COPD Corpus Annotation Format
The downloadable corpus consists of:
- The configuration files need to display the annotations in brat: annotation.conf, visual.conf and tools.conf (see here for more details)
- Three directories ("train", "dev" and "test") which contain the annotated data, split into the training, development and test sets that were used in the experiments described in the associated article. Each of the directories contains the following two types of files:
- A set of text files (.txt), each corresponding to a paragraph in a full-text article.
- A set of annotation files (.ann), containing the manually-added annotations associated with each paragraph file
The text file and associated annotation fileshave the same base name, which denotes the article's PMCID.
The naming covention is as follows:
[PMCID]_[paragraphNumber]
The paragraphs are numbered consecutively, starting from 0. So, for example, the file PMC2528206_0.txt contains the text of the first paragraph of the full text in the article with the PMCID PMC2528206, while the file PMC2740954_25.ann contains the annotations associated with the 26th paragraph of the full text in the article , etc.
Annotation file format
Annotations in the ".ann" files are encoded in the format used by the brat annotation software
Within each ".ann" file, each line corresponds to one of the following:
- An NE mention
- A link to a concept identifier (CUI) in the UMLS Metathesaurus.

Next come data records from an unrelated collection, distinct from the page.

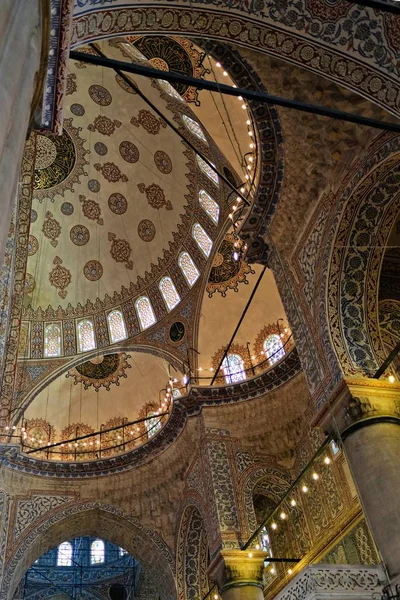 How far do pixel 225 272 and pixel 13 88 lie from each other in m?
11.0

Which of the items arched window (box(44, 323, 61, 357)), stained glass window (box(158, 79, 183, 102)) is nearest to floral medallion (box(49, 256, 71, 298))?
arched window (box(44, 323, 61, 357))

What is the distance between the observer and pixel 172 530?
1364cm

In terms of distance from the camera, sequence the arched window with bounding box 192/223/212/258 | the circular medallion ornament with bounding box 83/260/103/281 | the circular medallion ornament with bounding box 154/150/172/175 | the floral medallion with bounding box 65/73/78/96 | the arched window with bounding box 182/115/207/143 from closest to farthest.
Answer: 1. the arched window with bounding box 182/115/207/143
2. the floral medallion with bounding box 65/73/78/96
3. the arched window with bounding box 192/223/212/258
4. the circular medallion ornament with bounding box 154/150/172/175
5. the circular medallion ornament with bounding box 83/260/103/281

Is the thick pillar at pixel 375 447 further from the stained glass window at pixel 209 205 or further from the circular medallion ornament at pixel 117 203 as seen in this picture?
the circular medallion ornament at pixel 117 203

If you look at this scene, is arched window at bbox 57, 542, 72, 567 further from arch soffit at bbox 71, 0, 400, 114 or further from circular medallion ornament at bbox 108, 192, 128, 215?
arch soffit at bbox 71, 0, 400, 114

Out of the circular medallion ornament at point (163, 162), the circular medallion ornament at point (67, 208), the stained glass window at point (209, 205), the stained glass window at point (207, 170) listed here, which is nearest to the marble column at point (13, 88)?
the stained glass window at point (207, 170)

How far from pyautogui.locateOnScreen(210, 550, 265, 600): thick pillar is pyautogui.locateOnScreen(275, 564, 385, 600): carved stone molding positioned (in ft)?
13.7

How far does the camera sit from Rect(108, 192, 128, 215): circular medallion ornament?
15867mm

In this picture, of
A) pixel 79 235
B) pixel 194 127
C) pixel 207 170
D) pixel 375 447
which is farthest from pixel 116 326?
pixel 375 447

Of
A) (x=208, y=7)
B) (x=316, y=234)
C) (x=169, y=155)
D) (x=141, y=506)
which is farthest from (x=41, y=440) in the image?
(x=208, y=7)

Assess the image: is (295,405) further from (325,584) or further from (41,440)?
(41,440)

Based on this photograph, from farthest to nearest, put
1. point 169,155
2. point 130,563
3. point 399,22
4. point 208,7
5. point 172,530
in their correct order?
1. point 130,563
2. point 169,155
3. point 172,530
4. point 208,7
5. point 399,22

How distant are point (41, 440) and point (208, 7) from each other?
495 inches

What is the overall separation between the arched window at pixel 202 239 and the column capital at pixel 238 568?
696cm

A sample of lines encoding entity annotations and their links to concept identifiers is shown below:
T1 AnatomicalConcept 33 42 pulmonary N8000 Reference T1 UMLSCUI:C0024109 pulmonary T2 Drug 191 206 corticosteroids N11000 Reference T2 UMLSCUI:C0001617 corticosteroids T3 MedicalCondition 92 96 COPD N1 Reference T3 UMLSCUI:C0024117 COPD T4 SignOrSymptom 33 55 pulmonary inflammation N3000 Reference T4 UMLSCUI:C0032285 pulmonary inflammation N3001 Reference T4 UMLSCUI:C3714636 pulmonary inflammation T5 Treatment 183 206 inhaled corticosteroids N6000 Reference T5 UMLSCUI:C0001617 inhaled corticosteroids
There are two types of lines, beginning either with "T" or with "N"

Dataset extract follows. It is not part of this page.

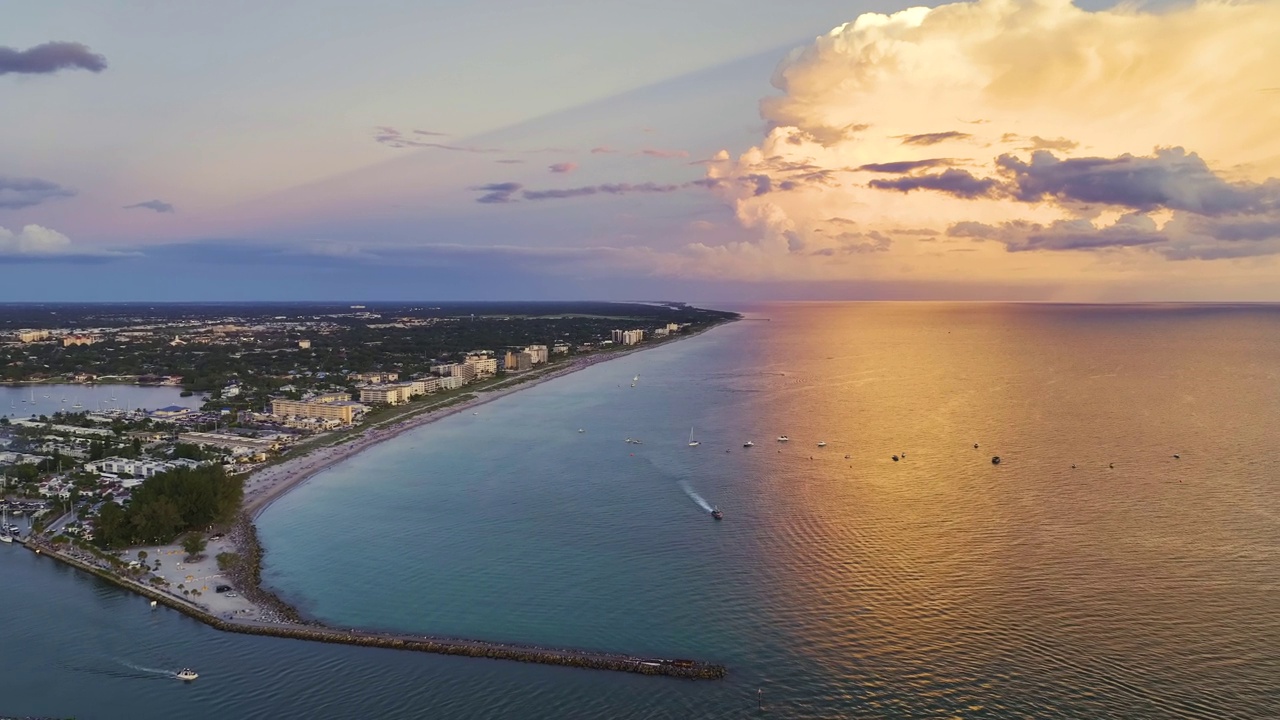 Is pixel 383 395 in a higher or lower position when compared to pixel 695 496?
higher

Lines beginning with "T" (NE annotations) consist of the following information:
- A unique id for the annotation. By convention, this starts with T, followed by a numerical value.
- A TAB character.
- The NE type assigned to the annotation.
- The character-based offsets of the annotated span in the corresponding text file. There are two offsets, corresponding to the start and end offsets of the span. The first offset is separated by a space from the entity type label, and there is a space between the start and end offsets.
- Another TAB character
- The text covered by the annotated span in the corresponding text file.

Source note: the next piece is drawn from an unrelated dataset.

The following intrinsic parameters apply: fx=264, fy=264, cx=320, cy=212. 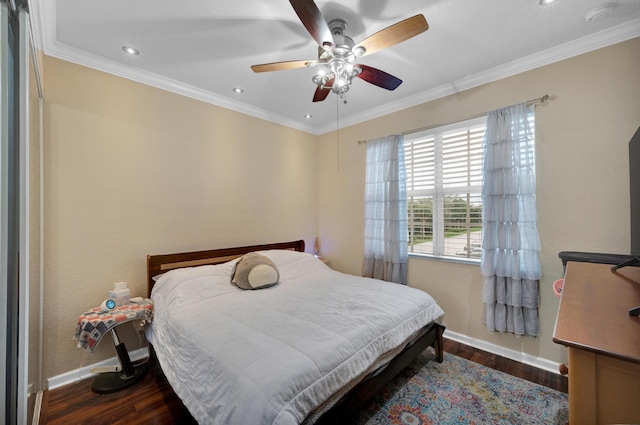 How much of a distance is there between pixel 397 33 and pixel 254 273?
2207mm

Lines beginning with "N" provide information about normalisations, i.e. links to CUIs in the UMLS Metathesurus. They consist of the following information:
- A unique id for the annotation. By convention, this starts with N, followed by a numerical value.
- A TAB character.
- The word Reference
- The id of the NE annotation to which the normalisation applies
- Information about the concept to which the NE has been normalised. This consists of:
- The string "UMLSCUI"
- A colon
- The unique concept identifier assigned to the NE within the specified resource
- Another TAB character.
- The text covered by the NE to which the concept ID has been assigned.
Note that, in the example above, the NE with the ID T4, i.e., pulmonary inflammation, has been normalised to two separate concepts in the UMLS Metathesaurus, as denoted by the normalisation lines with the IDs N3000 and N3001.